Lisbeth, der Nestling, stand unter der Thür und rief:

»Willkommen, Albrecht.«

Dieser freute sich ihres stattlichen Aussehens, und es war wohl gemeint aber ungeschickt, daß Lisbeth erwiderte:

»Ja, aber du siehst gottserbärmlich aus.«

Die Mutter sah sie strafend an und fragte:

»Hast du Feuer?«

Auf die Bejahung wendete sie sich nur noch zu Albrecht und sagte:

»Da leg dich aufs Kanapee, das du geschickt hast. Ich muß den Vater immer zwingen, daß er sich drauf setzt oder gar legt. Oder willst du da im Lehnstuhl ausruhen? Schlaf jetzt ein bißle.«

Albrecht setzte sich in den Sessel. und draußen am Herde standen Vater und Mutter.
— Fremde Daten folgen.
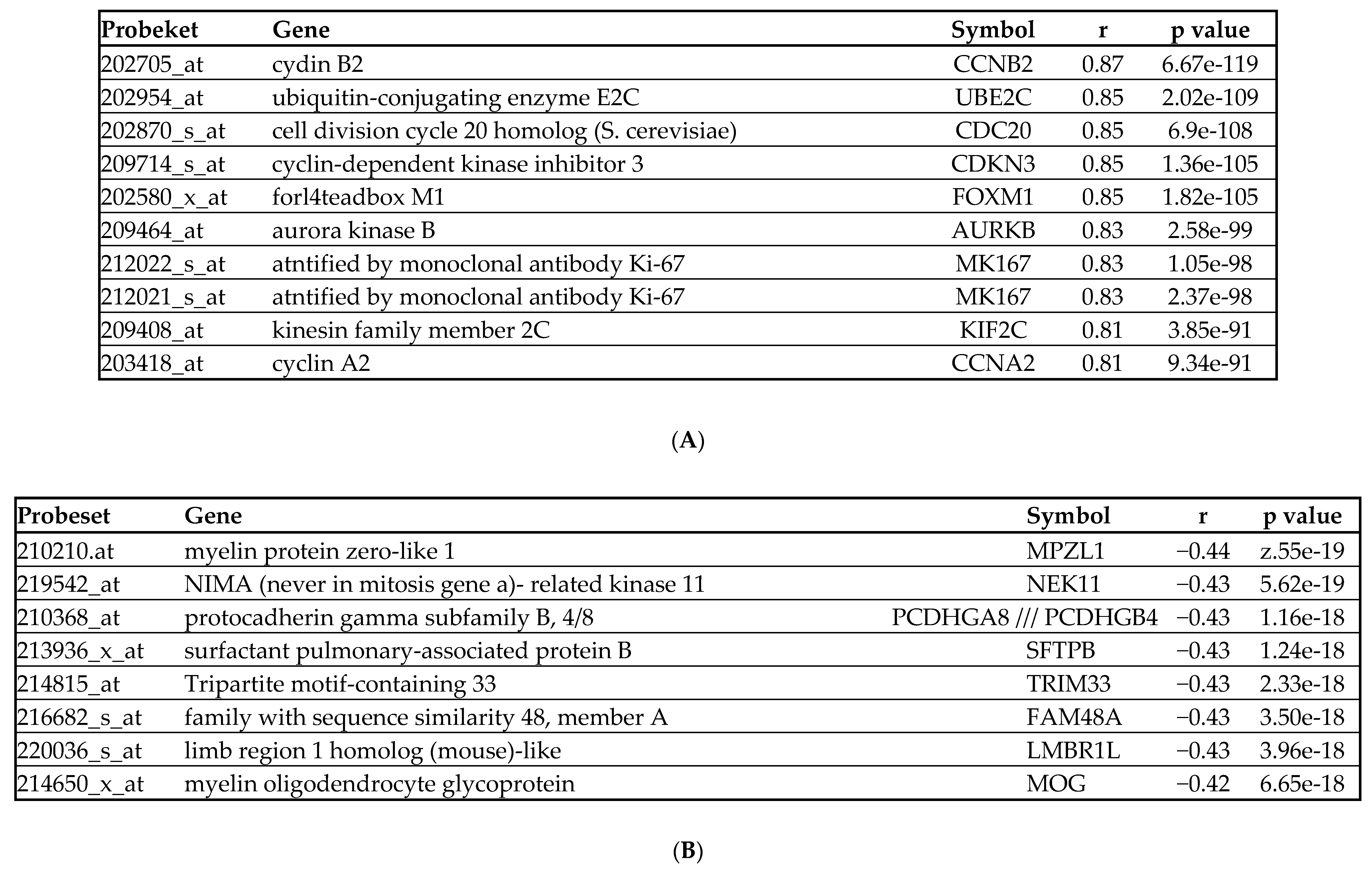 Ijms 22 10482 g004 550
»Wirst schon sehen,« tröstete die Mutter den traurig Dreinschauenden, »er wird bald wieder frischauf. Was hast? Ist dir nicht gut?«

»Hast du gesehen,« entgegnete Jakob, »wie er mich so barmherzig angeschaut hat? O Mutter, der ist nicht krank, der hat nur alles erfahren, und das drückt ihm das Herz ab. An unsrem getreuesten Kind geht mein Elend aus.«

»Aber Mann! Was machst du wieder? Aber gut! Versprichst du mir, nie mehr einen solchen Gedanken in dir aufkommen zu lassen, wenn ich dir beweise, wie unrecht du hast, und wenn ich dir's sage, was ist?«

»Ja, das versprech' ich, heilig, wie ich da die Hand ins Feuer halte.«

»So sag' ich dir: der Albrecht ist verliebt.«

»Doch nicht in eine verheiratete Frau?«

»Mann! Was hast du wieder? Aber still! Er schläft,« sagte sie, durch das Schiebfensterchen nach der Stube schauend. Sie winkte Jakob Stille zu, und dieser fragte leise:

»Wie heißt sie denn und was ist sie?«

»Ich weiß weiter nichts; aber wie er auf dem Herweg geschlafen hat, hat er so etwas gemurmelt, und da ist sein Gesicht so heiter geworden. Geh jetzt hinaus und sag der Lisbeth im Garten, sie soll nicht singen.«

Im Hause war's so still, als ob niemand drin wohne; die Fichtenscheite im Feuer knackten nicht, denn sie waren wohl ausgetrocknet, und draußen harkte Lisbeth still das Gartenland auf.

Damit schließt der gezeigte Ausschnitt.